Marin-Kuan M, Ehrlich V, Delatour T, Cavin C, Schilter B
Chemical Food Safety Group, Quality & Safety Department, Nestlé Research Center, P.O. Box 44, Vers-chez-les-Blanc, 1000 Lausanne 26, Switzerland.
J Toxicol. 2011;2011:645361. doi: 10.1155/2011/645361. Epub 2011 Jun 22.
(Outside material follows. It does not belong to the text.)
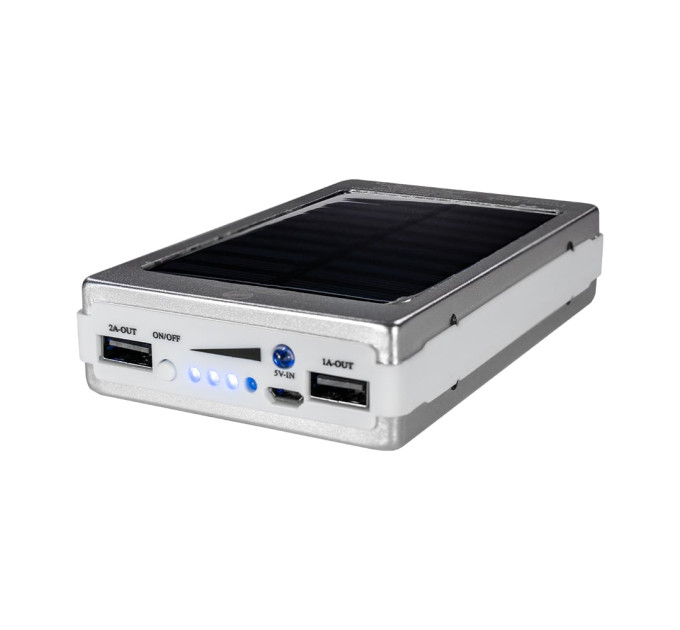 Повербанк с солнечной панелью 10000mAh Power Bank Kraft KPB-1012SL Silver LED-фонарь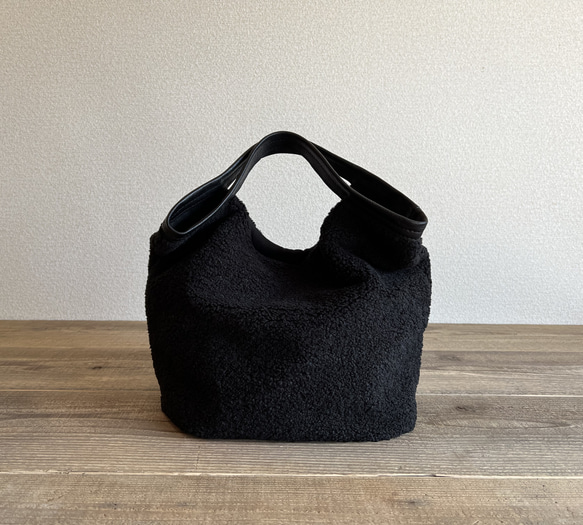 くたくたBag　もこもこ黒 3枚目の画像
The in vitro and in vivo evidence compatible with a role for oxidative stress in OTA carcinogenicity has been collected and described. Several potential oxido-reduction mechanisms have been identified in the past. More recently, the possibility of a reduction of cellular antioxidant defense has been raised as an indirect source of oxidative stress. Consequences resulting from the production of oxidative stress are observed at different levels. First, OTA exposure has been associated with increased levels of oxidative DNA, lipid, and protein damage. Second, various biological processes known to be mobilized under oxidative stress were shown to be altered by OTA. These effects have been observed in both in vitro and in vivo test systems. In vivo, active doses were often within doses documented to induce renal tumors in rats. In conclusion, the evidence for the induction of an oxidative stress response resulting from OTA exposure can be considered strong. Because the contribution of the oxidative stress response in the development of cancers is well established, a role in OTA carcinogenicity is plausible. Altogether, the data reviewed above support the application of a threshold-based approach to establish safe level of dietary human exposure to OTA.
与氧化应激在OTA致癌性中所起作用相关的体外和体内证据已被收集和描述。过去已经确定了几种潜在的氧化还原机制。最近,细胞抗氧化防御能力下降作为氧化应激的间接来源这一可能性也被提出。氧化应激产生的后果在不同层面都有观察到。首先,OTA暴露与氧化DNA、脂质和蛋白质损伤水平的增加有关。其次,已知在氧化应激下被调动的各种生物过程被证明会因OTA而改变。这些效应在体外和体内测试系统中均有观察到。在体内,活性剂量通常在已记录的可诱导大鼠肾肿瘤的剂量范围内。总之,OTA暴露导致氧化应激反应的证据可以被认为是充分的。由于氧化应激反应在癌症发展中的作用已得到充分证实,因此其在OTA致癌性中发挥作用是合理的。综上所述,上述审查的数据支持采用基于阈值的方法来确定人类膳食中OTA暴露的安全水平。